If that is the mechanism (and I am theorizing here, not presenting an analysis of my model's performance), the results are a bit more subtle than my previous report of my memory from years ago. BH isn't doomed to lose his fishery to CC. But he cannot operate independently of the consequences of CC's choices (which was what John Caddy promised that biomass allocations would do). If CC chooses not to fish, BH has the choice of (1) continuing to take his share of the optimum yield and seeing his biomass allocation wither away, (2) trimming his annual catches so as to maintain his biomass allocation in the face of CC's excessive conservation, (3) shutting down and maintaining his percentage share of the biomass as the resource rebuilds towards virgin levels, or (4) some intermediate strategy.
I suggested in my last that these problems could be overcome if enough thought was put into development of the idea. One option might be to guarantee that the biomass allocation of anyone who harvested within 10% of the official OY would have next year's allocation based only on this year's, the standard schedules for growth and mortality, plus whatever recruitment the ocean provided. Anyone who stayed out of the fishery or took no more than a token amount could be given a new allocation based on an assumption that they had taken their share of OY. People who took catches between those limits could find the fruits of their conservation being reduced, pro rata, so as to fit them all within whatever biomass then remained (though there might be excess amounts to share among all players by some formula).

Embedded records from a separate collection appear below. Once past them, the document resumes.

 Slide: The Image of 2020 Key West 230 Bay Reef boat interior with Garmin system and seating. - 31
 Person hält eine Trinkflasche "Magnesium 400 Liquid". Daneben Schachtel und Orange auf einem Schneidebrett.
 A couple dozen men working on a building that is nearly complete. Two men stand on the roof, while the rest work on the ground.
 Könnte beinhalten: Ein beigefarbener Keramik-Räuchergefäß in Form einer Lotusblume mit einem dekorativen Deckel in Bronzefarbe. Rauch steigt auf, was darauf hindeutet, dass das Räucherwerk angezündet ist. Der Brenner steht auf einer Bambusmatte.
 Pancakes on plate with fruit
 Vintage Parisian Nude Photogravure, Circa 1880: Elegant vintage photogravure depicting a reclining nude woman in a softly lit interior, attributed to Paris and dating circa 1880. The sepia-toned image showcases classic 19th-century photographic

That sort of thing could be done but it would clearly be complicated and messy (in its application as well as its design), which isn't what biomass allocation systems are supposed to be.
Once again: I do not doubt that biomass allocations could be developed into an effective tool for some fisheries. I do question whether figuring out how to do that is a sensible use of NEFMC's limited resources. Still, I only pose that question. Answering it is for the Council and its Executive Committee.

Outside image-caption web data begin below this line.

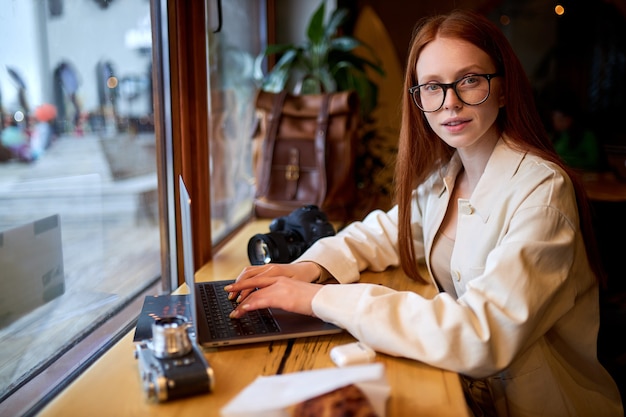 Viajante de mulher confiante usando laptop no café, trabalhando na cafeteria.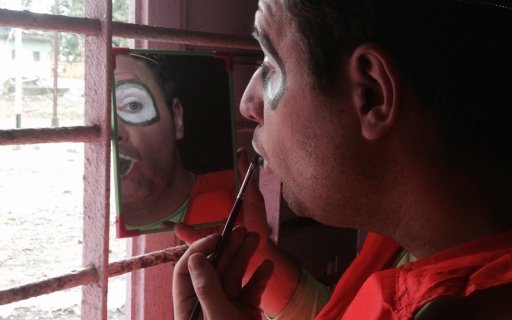 Clown sminkar sig och speglar sig i en handspegel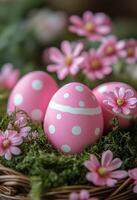 Colorful pink decorated eggs placed in a natural basket with flowers and greenery photo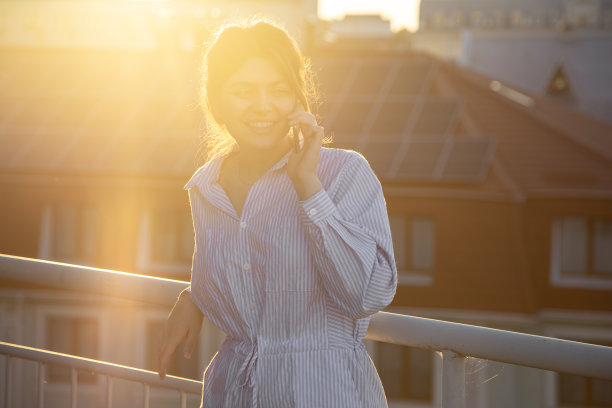 日落时分，一个年轻女子在阳台上打电话。图片下载
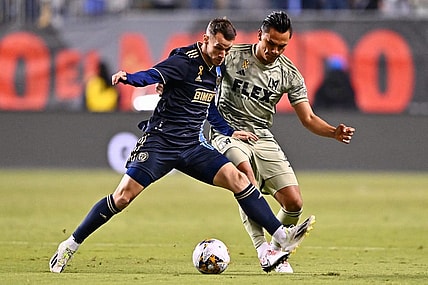 Sep 23, 2023; Philadelphia, Pennsylvania, USA; Philadelphia Union midfielder Deniel Gazdag (10) battles for the ball against Los Angeles FC defender Denil Maldonado (2) during the first half at Subaru Park. Mandatory Credit: Kyle Ross-USA TODAY Sports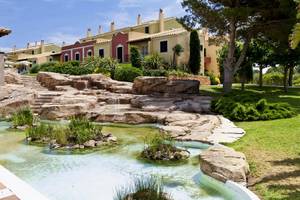 Außenbereich des Grupotel Playa Club mit Wasserfall und Gehweg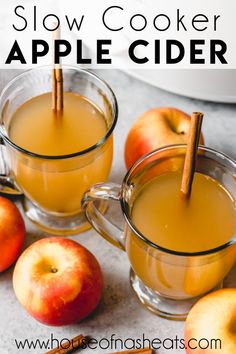 two mugs filled with apple cider sitting next to apples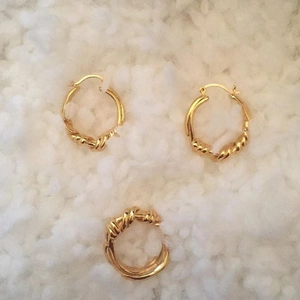 Detailed view of gold twisted knot earrings and matching ring set on white background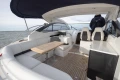 Luxurious 2013 Princess V39 yacht interior with seating and table on open water.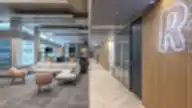 Atviras modernus biuro vestibiulis su Revolut neoniniu “R” ženklu, pilkos sekcijinės sofos ir rausvo atspalvio kėdžių poilsio zona, medžio dekoruotos sienos, stiklinės susitikimų patalpos ir ilgas koridorius su cik-cak grindimis.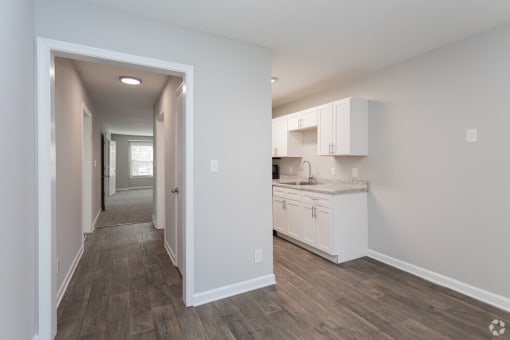 a renovated kitchen with white cabinets and a wood floor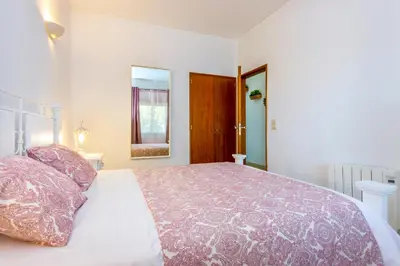 a bedroom with a large bed with pink pillows at Camilla apartment in Albufeira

> Trevor also asserts that "the optimum yield is, by definition, the catch obtained by fishing at a rate that maximizes net benefits to the nation," and that a shareholder who chose to underfish would be reducing the net benefit to the nation. I'm certain that Trevor is misusing the concept of optimum yield, and how it might be calculated
Then I suggest that you re-read the relevant sections of Magnuson-Stevens and the National Standards Guidelines. While my words were not a direct quote, I think you will find that the ones you quoted above capture the legal meaning of OY. The consequences of underfishing, under a biomass-allocation system, then follow directly.
The situation under current management is, of course, different since present DAS allocations are set assuming that not every permitted vessel will participate in the fishery and not all those which do will use all allocated DAS. (At least, scallop management works that way. I assume groundfish management does also.) In that setting, failing to use your allocation only reduces net benefits to the nation if so many people do it that OY is not harvested.
There is a quite separate issue of how much underfishing is needed before the cut in net benefits to the nation is enough to worry about. I am only pointing out the qualitative direction of the effect, not its quantitative magnitude.